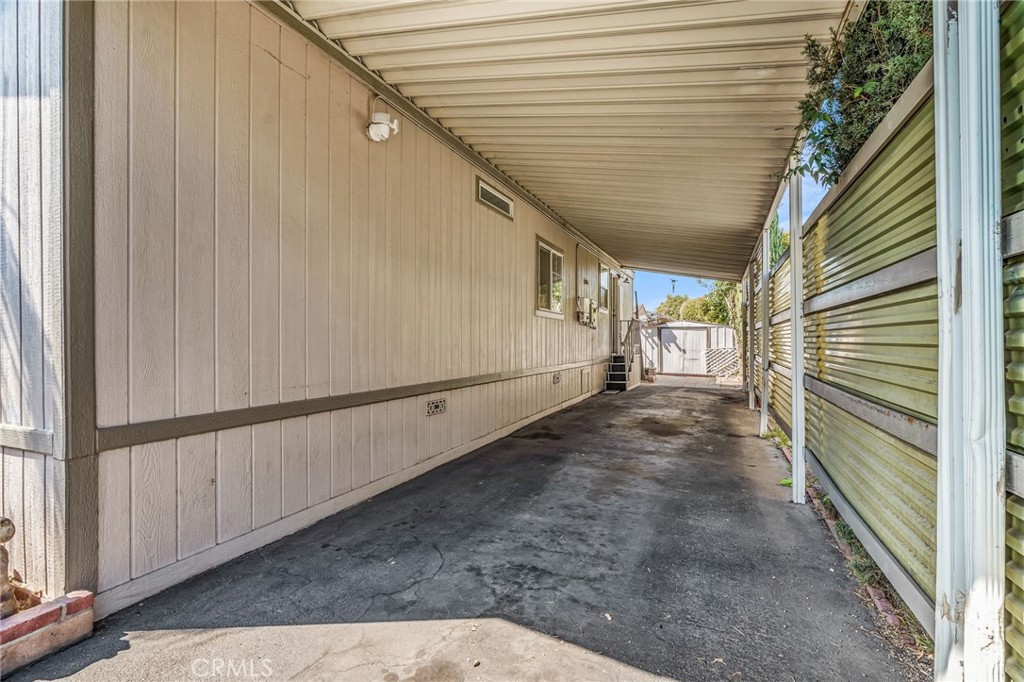 20401 Soledad Canyon Road, Unit 139 Canyon Country, CA 91351 - Photo 34 of 35 a view of a pathway of a house with wooden stairs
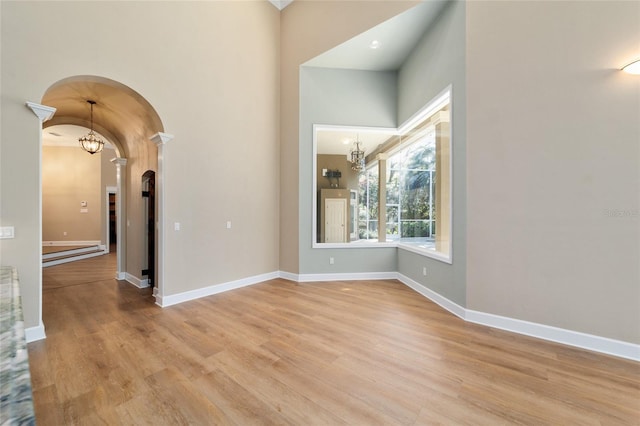 unfurnished room with an inviting chandelier, light wood-style flooring, and arched walkways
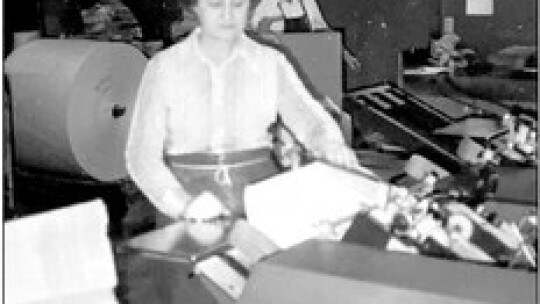 A long time Press employee. Dorothy Cuba worked in the pressroom and also delivered papers. Here she is in the Pressroom getting the papers ready to go out to the carriers, post office and racks.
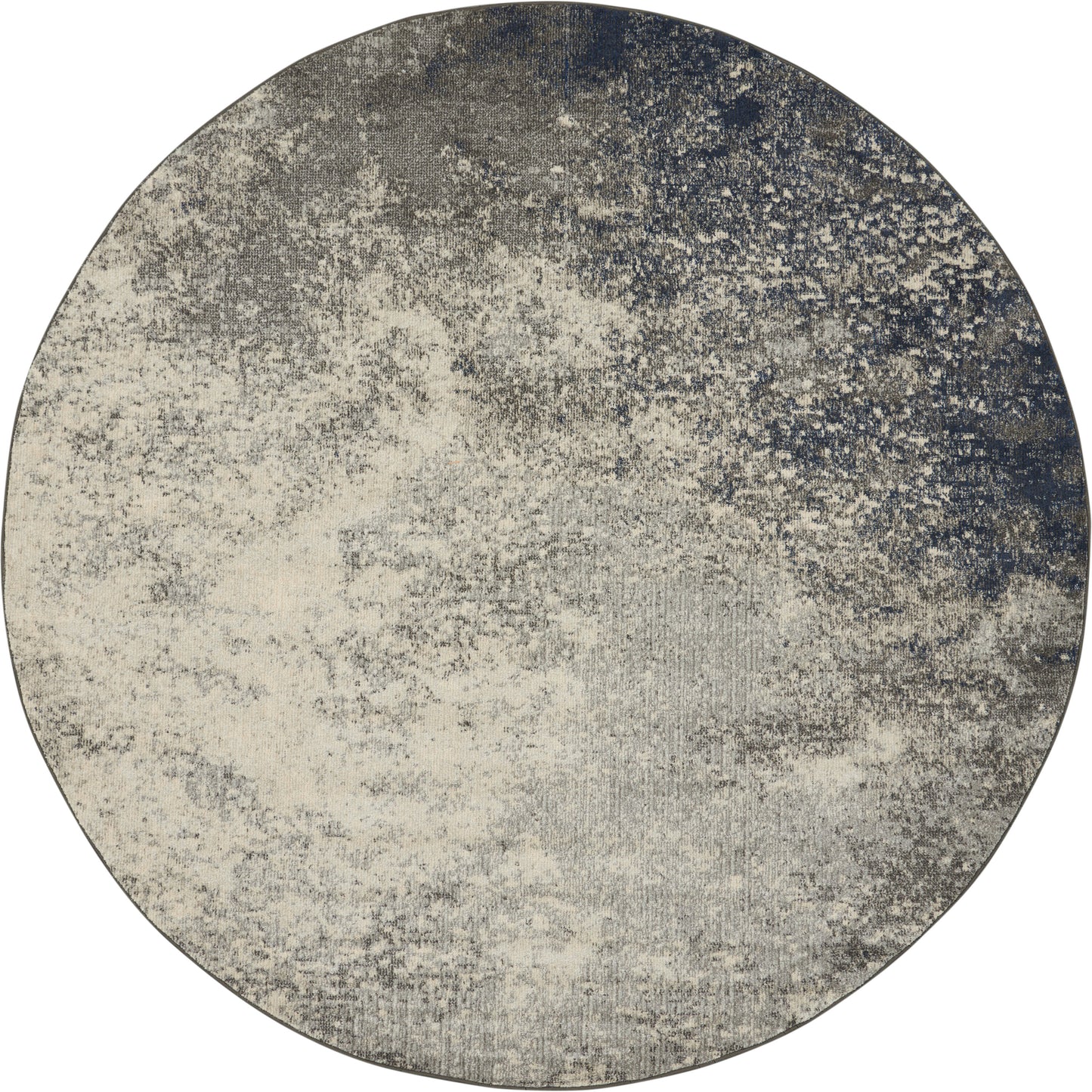 Round rug with abstract distressed gradient in beige, cream, gray and navy, textured contemporary style.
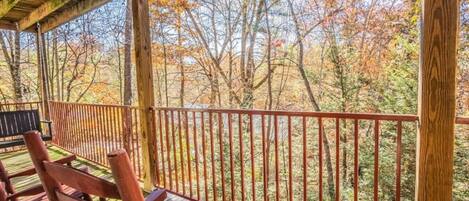 A wooden deck with a railing, benches, and a view of trees with autumn foliage.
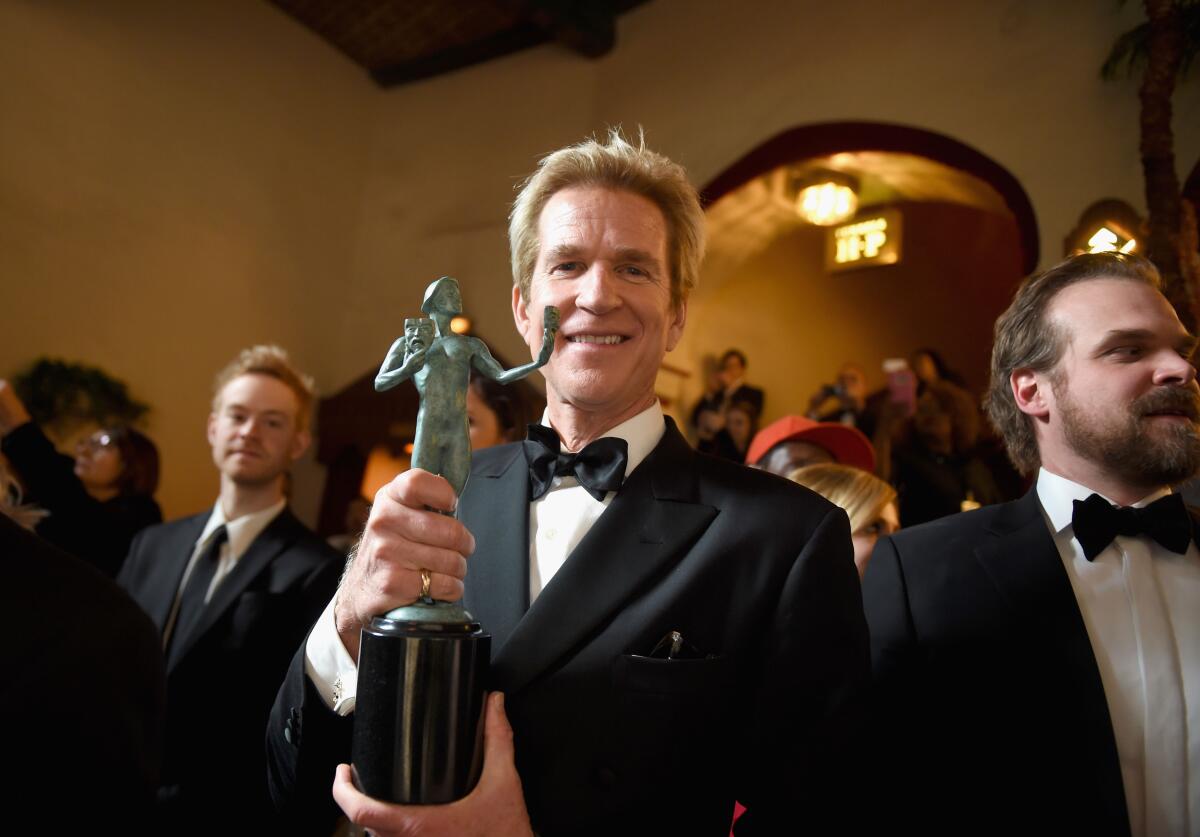 Actor Matthew Modine, holding a Screen Actors Guild Award.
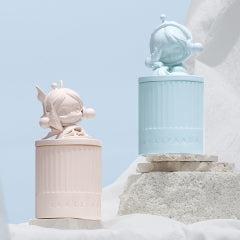 Two decorative Pop Mart candles on a stone ledge with a light blue sky background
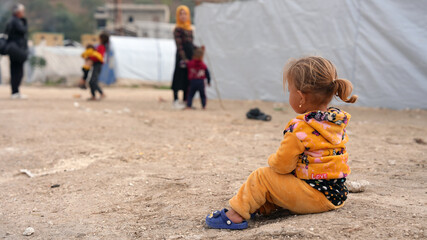 World Refugee Day. Syrian refugee children suffer from tragic humanitarian conditions in winter. 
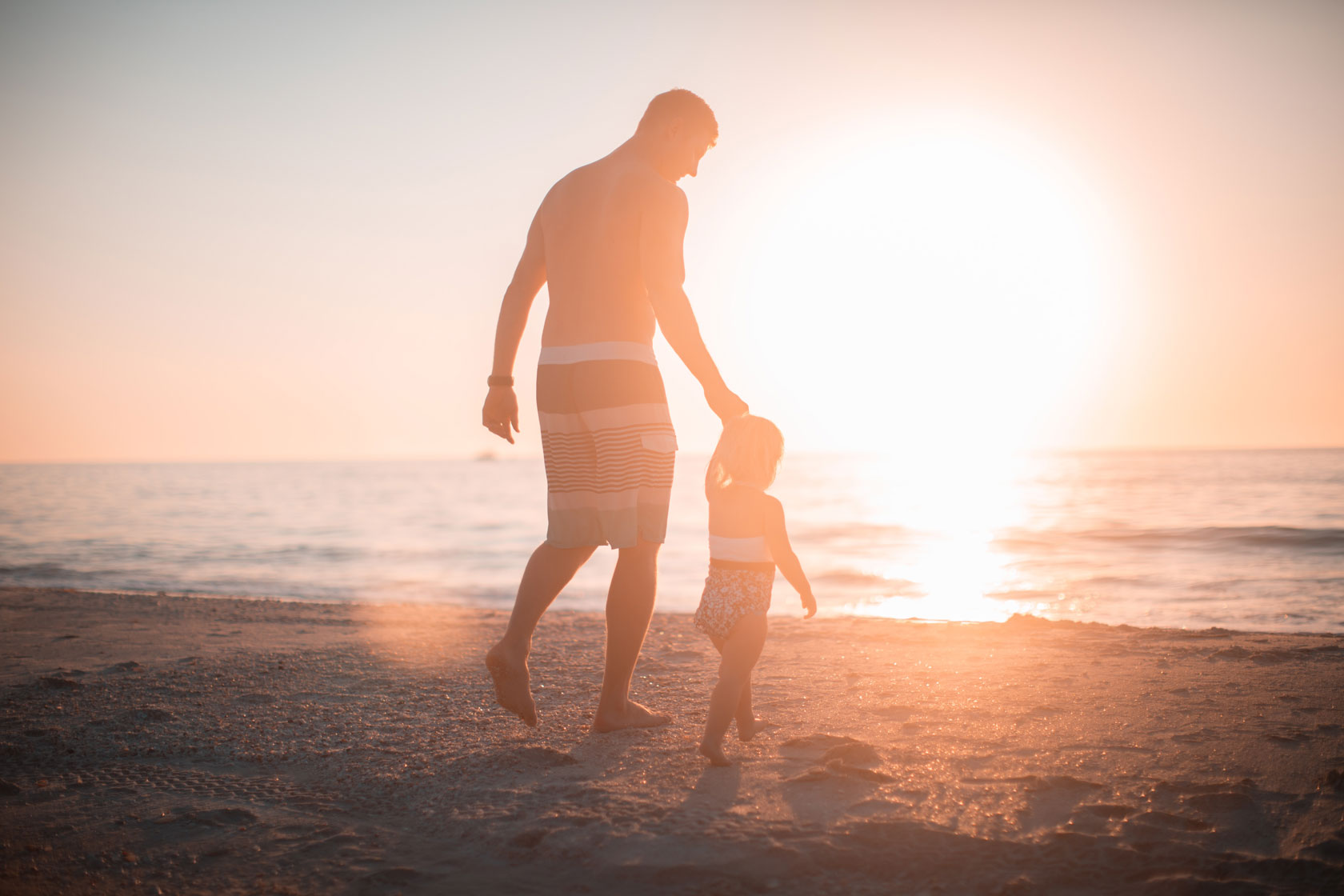 A Adult Male Walking a Small Child Towards the Sea as the Sun is Setting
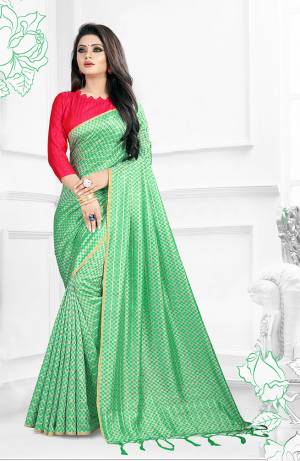 Grab This Beautiful Designer Saree In Sea Green Color Paired With Contrasting Dark Pink Colored Blouse. This Saree And Blouse Are Silk Based Beautified With 3D Checks Weave All Over It.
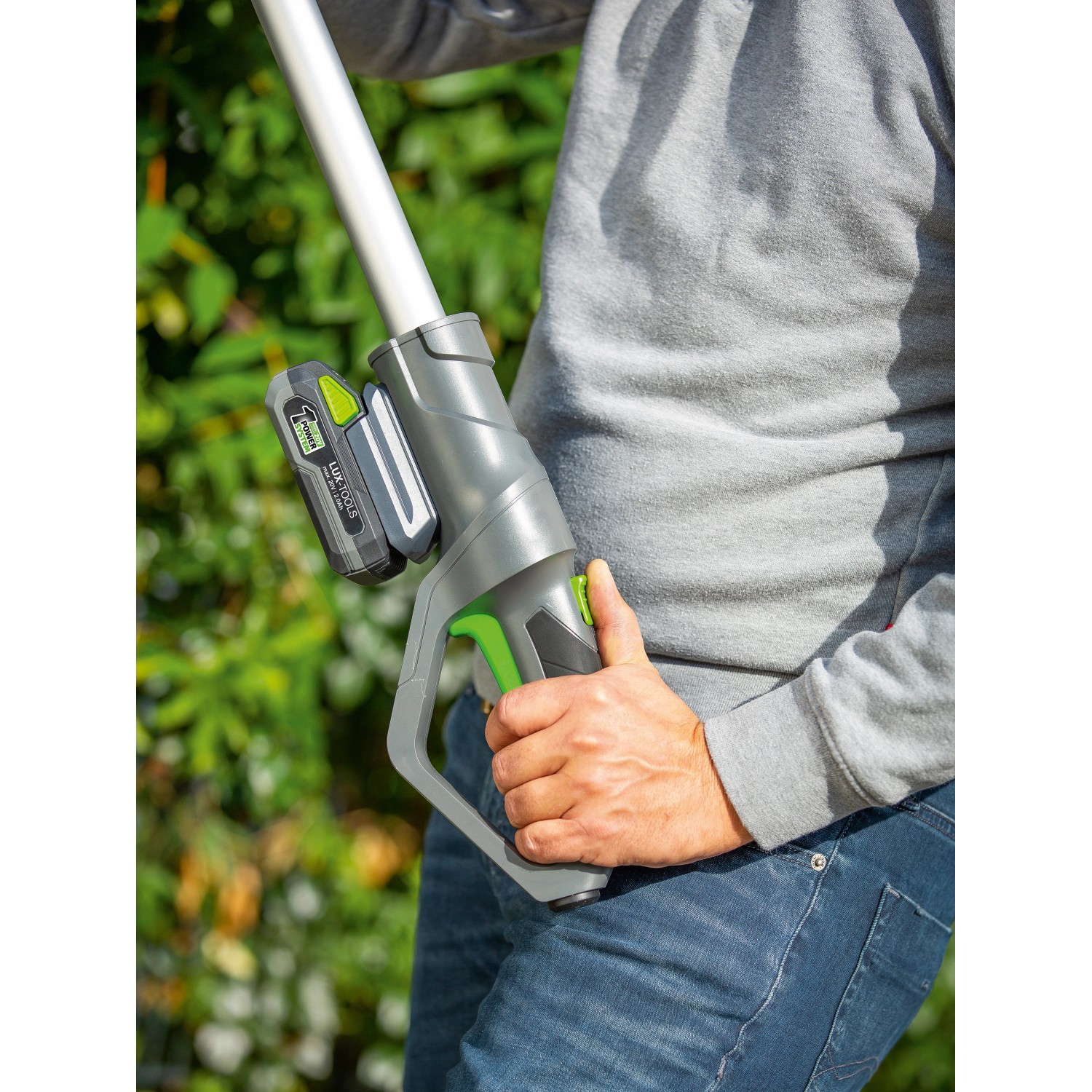 Tagliasiepi telescopica a batteria LUX A-HS-20/51T con batteria in uso, per una comoda potatura.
* * * * *
TASK DETAILS:
With images omitted, output the data exactly as given.

WRITTEN ANSWER:
 20401 Soledad Canyon Road, Unit 139 Canyon Country, CA 91351 - Photo 34 of 35 a view of a pathway of a house with wooden stairs
 unfurnished room with an inviting chandelier, light wood-style flooring, and arched walkways
 A long time Press employee. Dorothy Cuba worked in the pressroom and also delivered papers. Here she is in the Pressroom getting the papers ready to go out to the carriers, post office and racks.
 Round rug with abstract distressed gradient in beige, cream, gray and navy, textured contemporary style.
 A wooden deck with a railing, benches, and a view of trees with autumn foliage.
 Actor Matthew Modine, holding a Screen Actors Guild Award.
 Two decorative Pop Mart candles on a stone ledge with a light blue sky background
 World Refugee Day. Syrian refugee children suffer from tragic humanitarian conditions in winter. 
 A Adult Male Walking a Small Child Towards the Sea as the Sun is Setting
 Grab This Beautiful Designer Saree In Sea Green Color Paired With Contrasting Dark Pink Colored Blouse. This Saree And Blouse Are Silk Based Beautified With 3D Checks Weave All Over It.
 Tagliasiepi telescopica a batteria LUX A-HS-20/51T con batteria in uso, per una comoda potatura.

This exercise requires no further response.